L'évacuation de Dunkerque, communément appelée le miracle de Dunkerque et désignée sous le nom de code opération Dynamo par les Britanniques, est un épisode de la Seconde Guerre mondiale consistant en l'évacuation des soldats alliés des plages et du port de Dunkerque, en France, entre le 26 mai et les premières heures du 4 juin 1940, après que ces troupes britanniques, françaises et belges ont été coupées de leurs arrières par l'armée allemande, durant la bataille de Dunkerque.
L'évacuation des troupes britanniques est ordonnée le 26 mai 1940 sans concertation avec les autorités françaises et belges. Ce sauvetage rend ainsi irréalisable le plan de contre-attaque prévu pour réaliser la jonction des armées françaises et britanniques ; il laisse, en outre, sans défense le flanc droit de l'armée belge.
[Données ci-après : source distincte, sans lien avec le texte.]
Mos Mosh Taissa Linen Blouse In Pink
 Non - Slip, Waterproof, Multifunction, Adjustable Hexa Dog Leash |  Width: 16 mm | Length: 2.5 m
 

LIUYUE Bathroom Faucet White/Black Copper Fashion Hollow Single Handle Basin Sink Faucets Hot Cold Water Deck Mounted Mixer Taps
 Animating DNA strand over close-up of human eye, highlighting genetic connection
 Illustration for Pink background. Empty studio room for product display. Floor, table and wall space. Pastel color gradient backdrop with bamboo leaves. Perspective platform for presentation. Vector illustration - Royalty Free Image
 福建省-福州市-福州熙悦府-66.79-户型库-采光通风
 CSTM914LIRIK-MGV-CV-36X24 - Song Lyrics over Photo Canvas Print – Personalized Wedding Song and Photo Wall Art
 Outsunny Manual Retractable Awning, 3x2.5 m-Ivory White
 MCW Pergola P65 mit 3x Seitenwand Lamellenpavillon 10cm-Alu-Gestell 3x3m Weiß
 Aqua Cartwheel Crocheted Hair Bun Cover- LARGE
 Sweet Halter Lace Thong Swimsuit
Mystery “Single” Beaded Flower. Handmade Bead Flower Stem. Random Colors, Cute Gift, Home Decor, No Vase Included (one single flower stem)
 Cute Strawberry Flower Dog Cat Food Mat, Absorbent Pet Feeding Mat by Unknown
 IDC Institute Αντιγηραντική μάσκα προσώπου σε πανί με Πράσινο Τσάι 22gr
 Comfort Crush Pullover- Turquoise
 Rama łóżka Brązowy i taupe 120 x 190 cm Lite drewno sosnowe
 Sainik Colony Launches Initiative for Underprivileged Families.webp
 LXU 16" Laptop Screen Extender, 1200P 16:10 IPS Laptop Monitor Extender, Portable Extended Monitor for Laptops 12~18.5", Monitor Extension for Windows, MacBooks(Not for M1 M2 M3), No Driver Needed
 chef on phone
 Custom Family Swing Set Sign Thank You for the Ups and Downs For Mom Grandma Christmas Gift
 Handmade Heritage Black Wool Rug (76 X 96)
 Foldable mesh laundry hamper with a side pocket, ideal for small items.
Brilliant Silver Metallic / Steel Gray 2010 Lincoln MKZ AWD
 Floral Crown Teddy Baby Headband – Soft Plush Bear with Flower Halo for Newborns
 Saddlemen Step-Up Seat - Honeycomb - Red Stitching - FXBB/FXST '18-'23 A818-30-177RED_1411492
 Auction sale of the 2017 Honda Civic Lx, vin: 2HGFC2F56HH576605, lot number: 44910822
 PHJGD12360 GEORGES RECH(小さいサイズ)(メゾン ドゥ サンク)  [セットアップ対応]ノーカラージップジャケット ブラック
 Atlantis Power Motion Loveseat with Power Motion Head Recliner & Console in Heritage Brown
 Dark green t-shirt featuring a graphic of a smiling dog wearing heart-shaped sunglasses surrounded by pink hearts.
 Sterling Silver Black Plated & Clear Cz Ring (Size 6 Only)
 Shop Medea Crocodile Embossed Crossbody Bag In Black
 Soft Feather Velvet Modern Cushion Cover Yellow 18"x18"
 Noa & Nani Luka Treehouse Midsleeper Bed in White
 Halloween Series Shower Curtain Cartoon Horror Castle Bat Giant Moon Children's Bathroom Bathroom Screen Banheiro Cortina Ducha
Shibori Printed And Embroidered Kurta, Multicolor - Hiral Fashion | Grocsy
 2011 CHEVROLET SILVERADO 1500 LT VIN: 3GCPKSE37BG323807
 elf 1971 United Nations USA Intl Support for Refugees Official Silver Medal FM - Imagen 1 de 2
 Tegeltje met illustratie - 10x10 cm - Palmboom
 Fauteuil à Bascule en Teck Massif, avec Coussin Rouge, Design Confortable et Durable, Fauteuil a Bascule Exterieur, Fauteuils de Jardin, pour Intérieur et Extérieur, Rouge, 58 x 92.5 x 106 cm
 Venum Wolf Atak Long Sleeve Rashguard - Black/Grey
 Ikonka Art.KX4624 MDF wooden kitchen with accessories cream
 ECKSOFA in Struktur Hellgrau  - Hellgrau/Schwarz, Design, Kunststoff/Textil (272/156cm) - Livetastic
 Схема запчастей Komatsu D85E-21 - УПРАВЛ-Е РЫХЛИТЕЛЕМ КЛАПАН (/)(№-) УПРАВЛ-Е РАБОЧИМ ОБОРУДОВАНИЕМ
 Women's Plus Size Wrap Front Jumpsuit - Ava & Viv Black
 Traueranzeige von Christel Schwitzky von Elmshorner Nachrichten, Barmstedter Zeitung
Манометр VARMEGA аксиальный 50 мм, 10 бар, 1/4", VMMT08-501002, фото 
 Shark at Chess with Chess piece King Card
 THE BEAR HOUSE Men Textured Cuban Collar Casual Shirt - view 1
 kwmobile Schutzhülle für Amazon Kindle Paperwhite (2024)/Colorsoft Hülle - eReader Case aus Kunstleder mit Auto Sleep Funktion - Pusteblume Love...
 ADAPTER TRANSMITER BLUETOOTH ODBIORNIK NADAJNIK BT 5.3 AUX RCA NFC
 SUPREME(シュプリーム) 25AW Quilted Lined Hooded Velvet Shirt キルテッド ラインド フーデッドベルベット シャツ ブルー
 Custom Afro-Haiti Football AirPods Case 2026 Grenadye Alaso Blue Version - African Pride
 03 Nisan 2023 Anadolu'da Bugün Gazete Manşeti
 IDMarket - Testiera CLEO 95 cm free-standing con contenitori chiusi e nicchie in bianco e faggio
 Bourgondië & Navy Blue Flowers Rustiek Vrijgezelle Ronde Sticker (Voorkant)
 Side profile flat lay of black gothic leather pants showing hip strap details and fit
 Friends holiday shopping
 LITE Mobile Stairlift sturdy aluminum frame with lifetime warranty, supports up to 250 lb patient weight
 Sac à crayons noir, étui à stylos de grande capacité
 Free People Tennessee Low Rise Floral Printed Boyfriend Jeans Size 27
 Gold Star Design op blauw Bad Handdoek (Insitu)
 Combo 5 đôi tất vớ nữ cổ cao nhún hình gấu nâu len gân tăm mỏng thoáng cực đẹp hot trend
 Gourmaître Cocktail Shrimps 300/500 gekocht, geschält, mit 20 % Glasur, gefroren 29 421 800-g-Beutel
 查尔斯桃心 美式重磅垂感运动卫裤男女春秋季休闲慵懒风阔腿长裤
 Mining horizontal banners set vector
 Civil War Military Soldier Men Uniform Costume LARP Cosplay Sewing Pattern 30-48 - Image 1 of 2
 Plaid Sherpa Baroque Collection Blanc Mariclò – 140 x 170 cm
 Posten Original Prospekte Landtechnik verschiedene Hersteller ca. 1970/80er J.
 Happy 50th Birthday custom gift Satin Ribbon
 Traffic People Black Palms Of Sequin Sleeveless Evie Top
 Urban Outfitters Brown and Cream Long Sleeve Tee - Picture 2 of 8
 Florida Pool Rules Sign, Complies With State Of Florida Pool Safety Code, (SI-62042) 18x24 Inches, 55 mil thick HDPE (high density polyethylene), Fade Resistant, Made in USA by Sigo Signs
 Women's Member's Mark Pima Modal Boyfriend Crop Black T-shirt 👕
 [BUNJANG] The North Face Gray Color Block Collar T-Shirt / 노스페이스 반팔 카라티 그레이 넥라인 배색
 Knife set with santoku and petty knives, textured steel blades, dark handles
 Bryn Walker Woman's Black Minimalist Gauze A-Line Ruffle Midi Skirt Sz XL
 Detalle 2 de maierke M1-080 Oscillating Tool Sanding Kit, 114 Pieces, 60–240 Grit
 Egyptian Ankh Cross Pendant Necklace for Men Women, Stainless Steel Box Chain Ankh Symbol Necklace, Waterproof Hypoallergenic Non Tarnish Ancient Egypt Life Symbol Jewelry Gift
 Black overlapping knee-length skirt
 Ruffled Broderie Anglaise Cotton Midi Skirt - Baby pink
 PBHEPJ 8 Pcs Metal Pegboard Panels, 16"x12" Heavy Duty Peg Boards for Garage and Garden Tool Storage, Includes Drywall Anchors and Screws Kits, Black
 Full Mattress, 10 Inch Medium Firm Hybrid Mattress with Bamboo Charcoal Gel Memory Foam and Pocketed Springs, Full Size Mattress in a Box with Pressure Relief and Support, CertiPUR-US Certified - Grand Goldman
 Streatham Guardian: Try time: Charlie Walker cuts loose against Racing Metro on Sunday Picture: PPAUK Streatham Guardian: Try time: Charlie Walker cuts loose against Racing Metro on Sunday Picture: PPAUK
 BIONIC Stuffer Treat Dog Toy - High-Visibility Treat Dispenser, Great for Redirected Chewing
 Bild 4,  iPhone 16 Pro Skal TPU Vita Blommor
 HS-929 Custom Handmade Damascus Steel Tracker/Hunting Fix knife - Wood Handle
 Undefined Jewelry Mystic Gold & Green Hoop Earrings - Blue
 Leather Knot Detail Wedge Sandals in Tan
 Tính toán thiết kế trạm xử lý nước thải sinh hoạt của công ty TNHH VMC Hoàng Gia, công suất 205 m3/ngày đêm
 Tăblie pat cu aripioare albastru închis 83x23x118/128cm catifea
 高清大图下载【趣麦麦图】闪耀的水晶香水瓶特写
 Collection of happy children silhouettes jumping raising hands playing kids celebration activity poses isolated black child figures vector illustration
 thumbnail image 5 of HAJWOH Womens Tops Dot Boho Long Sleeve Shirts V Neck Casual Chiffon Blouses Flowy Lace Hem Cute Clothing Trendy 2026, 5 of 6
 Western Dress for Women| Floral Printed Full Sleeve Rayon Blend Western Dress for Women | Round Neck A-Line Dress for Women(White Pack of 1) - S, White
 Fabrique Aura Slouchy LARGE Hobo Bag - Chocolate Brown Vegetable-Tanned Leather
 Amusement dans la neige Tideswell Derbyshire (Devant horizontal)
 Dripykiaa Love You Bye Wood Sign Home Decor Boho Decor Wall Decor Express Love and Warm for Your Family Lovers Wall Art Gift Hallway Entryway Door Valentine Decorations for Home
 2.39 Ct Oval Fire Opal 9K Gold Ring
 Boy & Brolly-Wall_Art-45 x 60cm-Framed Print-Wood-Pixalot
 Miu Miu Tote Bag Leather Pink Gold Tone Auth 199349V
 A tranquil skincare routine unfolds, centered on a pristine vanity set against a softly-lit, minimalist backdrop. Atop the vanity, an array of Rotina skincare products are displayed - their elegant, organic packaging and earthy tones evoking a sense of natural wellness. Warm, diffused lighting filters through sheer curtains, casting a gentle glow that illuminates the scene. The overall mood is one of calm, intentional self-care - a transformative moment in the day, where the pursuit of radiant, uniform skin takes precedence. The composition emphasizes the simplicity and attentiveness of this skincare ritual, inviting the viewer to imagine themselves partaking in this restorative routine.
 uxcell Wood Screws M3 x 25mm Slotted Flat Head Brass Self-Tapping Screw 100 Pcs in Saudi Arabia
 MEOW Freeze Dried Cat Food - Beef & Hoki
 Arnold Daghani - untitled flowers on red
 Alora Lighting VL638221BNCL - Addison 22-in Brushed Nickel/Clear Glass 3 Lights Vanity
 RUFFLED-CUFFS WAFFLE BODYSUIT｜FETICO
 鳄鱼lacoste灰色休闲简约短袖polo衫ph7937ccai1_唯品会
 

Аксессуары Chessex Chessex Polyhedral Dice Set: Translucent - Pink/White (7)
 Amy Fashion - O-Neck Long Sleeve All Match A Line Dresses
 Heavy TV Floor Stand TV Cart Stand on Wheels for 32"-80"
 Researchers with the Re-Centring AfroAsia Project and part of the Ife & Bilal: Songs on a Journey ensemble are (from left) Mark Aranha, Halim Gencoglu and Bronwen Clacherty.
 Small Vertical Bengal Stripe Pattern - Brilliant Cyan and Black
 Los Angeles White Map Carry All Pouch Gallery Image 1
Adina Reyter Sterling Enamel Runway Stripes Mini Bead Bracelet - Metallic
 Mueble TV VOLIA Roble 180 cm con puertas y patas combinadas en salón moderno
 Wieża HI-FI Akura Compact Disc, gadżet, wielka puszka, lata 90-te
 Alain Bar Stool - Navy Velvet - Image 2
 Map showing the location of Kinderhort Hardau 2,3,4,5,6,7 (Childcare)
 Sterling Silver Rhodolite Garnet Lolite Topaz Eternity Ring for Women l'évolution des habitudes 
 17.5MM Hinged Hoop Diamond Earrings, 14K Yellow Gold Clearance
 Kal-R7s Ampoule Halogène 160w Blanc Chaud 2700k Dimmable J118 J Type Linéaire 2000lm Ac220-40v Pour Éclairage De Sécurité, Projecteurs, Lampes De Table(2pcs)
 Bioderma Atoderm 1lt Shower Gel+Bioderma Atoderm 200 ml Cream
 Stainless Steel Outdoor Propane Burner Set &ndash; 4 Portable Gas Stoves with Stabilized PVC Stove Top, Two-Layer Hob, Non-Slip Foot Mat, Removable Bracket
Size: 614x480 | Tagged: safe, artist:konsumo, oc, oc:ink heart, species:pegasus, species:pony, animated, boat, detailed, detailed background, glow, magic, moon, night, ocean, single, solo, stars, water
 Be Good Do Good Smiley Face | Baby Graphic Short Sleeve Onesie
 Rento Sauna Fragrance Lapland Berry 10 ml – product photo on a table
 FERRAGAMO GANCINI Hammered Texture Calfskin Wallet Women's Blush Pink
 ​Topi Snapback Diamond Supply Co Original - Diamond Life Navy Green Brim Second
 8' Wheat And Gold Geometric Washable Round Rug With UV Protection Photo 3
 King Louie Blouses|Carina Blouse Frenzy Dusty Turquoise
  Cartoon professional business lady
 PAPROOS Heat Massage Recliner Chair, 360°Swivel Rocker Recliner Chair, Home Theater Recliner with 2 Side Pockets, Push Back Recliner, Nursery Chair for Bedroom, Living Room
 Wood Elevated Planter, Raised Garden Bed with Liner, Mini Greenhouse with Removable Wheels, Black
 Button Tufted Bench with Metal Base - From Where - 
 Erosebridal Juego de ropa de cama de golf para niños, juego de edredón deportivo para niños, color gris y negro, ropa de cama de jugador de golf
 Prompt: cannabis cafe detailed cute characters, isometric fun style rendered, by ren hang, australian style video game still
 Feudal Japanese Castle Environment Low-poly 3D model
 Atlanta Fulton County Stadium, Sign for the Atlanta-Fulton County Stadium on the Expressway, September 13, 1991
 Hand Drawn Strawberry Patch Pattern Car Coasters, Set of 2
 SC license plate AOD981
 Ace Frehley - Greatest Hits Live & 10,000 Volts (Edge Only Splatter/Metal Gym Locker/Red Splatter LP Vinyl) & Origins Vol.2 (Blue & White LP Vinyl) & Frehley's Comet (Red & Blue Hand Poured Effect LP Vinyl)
Dans un discours à la Chambre des communes, Winston Churchill qualifie les événements en France de « désastre militaire colossal », rappelant que « la racine, le noyau et le cerveau de l'armée britannique » ont été bloqués à Dunkerque et semblent sur le point de périr ou d'être capturés. Le 4 juin dans son discours « We Shall Fight on the Beaches » (« Nous nous battrons sur les plages »), il salue l'arrivée des secours comme un « miracle de la délivrance ».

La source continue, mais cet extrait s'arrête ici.